(To do)
Print the first line of the data below and every one after it, through the line containing "Welcome to this", exactly as written.
START Record excerpts
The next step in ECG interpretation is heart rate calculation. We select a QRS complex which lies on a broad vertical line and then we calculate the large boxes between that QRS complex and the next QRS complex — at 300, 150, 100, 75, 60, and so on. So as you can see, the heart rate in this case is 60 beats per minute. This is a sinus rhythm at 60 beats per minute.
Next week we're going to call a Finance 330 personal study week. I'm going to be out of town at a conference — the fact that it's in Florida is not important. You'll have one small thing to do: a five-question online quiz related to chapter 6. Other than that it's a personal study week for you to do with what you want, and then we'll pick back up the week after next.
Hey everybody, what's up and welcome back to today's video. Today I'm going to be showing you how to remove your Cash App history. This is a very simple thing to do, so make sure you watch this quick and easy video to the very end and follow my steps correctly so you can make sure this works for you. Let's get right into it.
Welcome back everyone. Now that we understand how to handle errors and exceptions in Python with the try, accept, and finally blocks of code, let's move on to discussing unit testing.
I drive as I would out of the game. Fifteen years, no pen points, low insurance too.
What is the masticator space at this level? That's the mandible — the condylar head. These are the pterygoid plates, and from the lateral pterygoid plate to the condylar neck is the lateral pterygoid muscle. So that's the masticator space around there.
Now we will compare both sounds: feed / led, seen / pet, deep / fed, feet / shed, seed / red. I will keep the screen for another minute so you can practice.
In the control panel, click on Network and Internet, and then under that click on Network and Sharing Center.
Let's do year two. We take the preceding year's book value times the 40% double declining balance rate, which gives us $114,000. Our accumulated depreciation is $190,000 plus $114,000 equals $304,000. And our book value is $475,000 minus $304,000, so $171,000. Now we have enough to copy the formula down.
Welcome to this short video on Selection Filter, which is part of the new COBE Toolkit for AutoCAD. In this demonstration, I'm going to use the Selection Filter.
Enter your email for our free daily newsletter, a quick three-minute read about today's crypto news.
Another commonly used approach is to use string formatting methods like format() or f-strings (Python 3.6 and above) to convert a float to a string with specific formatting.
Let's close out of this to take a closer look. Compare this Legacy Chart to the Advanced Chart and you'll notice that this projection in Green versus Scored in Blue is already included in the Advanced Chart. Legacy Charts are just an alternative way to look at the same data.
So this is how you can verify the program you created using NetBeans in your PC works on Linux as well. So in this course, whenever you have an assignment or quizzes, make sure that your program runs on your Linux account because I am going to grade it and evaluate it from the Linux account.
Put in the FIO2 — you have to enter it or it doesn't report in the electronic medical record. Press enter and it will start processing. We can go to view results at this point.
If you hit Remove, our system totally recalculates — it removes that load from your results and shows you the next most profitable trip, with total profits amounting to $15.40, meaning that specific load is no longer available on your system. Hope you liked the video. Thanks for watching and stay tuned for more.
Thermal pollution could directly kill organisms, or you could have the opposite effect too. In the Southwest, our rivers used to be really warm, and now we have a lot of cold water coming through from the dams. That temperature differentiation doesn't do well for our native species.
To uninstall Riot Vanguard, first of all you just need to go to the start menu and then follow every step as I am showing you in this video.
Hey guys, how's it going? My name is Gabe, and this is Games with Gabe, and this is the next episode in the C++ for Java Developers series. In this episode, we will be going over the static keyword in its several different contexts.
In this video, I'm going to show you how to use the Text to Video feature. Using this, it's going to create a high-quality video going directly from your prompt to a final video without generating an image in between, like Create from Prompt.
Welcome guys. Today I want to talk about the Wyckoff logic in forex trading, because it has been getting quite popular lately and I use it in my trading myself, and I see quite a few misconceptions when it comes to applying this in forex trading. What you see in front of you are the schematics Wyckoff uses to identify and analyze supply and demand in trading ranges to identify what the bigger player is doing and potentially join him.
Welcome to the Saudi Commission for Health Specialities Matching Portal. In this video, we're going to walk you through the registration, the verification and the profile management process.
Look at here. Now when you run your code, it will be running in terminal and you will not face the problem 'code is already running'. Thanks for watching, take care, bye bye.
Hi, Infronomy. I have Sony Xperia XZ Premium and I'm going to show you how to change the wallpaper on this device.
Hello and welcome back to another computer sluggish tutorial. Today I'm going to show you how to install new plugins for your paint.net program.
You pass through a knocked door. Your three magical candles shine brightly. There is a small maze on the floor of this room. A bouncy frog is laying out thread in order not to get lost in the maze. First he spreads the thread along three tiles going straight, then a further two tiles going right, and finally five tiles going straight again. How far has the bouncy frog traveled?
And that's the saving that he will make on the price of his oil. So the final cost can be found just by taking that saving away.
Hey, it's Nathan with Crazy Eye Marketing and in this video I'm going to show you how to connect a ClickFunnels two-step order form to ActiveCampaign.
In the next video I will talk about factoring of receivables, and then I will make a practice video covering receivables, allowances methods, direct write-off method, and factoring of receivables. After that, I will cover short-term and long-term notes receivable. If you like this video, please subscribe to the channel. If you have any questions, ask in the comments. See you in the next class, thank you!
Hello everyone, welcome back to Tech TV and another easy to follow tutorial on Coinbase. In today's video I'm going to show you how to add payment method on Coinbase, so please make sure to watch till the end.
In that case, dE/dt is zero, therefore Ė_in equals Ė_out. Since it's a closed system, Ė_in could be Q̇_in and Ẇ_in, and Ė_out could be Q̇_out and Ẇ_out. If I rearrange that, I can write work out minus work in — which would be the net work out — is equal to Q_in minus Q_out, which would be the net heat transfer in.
END Record excerpts
(Reply to the exercise)
The next step in ECG interpretation is heart rate calculation. We select a QRS complex which lies on a broad vertical line and then we calculate the large boxes between that QRS complex and the next QRS complex — at 300, 150, 100, 75, 60, and so on. So as you can see, the heart rate in this case is 60 beats per minute. This is a sinus rhythm at 60 beats per minute.
Next week we're going to call a Finance 330 personal study week. I'm going to be out of town at a conference — the fact that it's in Florida is not important. You'll have one small thing to do: a five-question online quiz related to chapter 6. Other than that it's a personal study week for you to do with what you want, and then we'll pick back up the week after next.
Hey everybody, what's up and welcome back to today's video. Today I'm going to be showing you how to remove your Cash App history. This is a very simple thing to do, so make sure you watch this quick and easy video to the very end and follow my steps correctly so you can make sure this works for you. Let's get right into it.
Welcome back everyone. Now that we understand how to handle errors and exceptions in Python with the try, accept, and finally blocks of code, let's move on to discussing unit testing.
I drive as I would out of the game. Fifteen years, no pen points, low insurance too.
What is the masticator space at this level? That's the mandible — the condylar head. These are the pterygoid plates, and from the lateral pterygoid plate to the condylar neck is the lateral pterygoid muscle. So that's the masticator space around there.
Now we will compare both sounds: feed / led, seen / pet, deep / fed, feet / shed, seed / red. I will keep the screen for another minute so you can practice.
In the control panel, click on Network and Internet, and then under that click on Network and Sharing Center.
Let's do year two. We take the preceding year's book value times the 40% double declining balance rate, which gives us $114,000. Our accumulated depreciation is $190,000 plus $114,000 equals $304,000. And our book value is $475,000 minus $304,000, so $171,000. Now we have enough to copy the formula down.
Welcome to this short video on Selection Filter, which is part of the new COBE Toolkit for AutoCAD. In this demonstration, I'm going to use the Selection Filter.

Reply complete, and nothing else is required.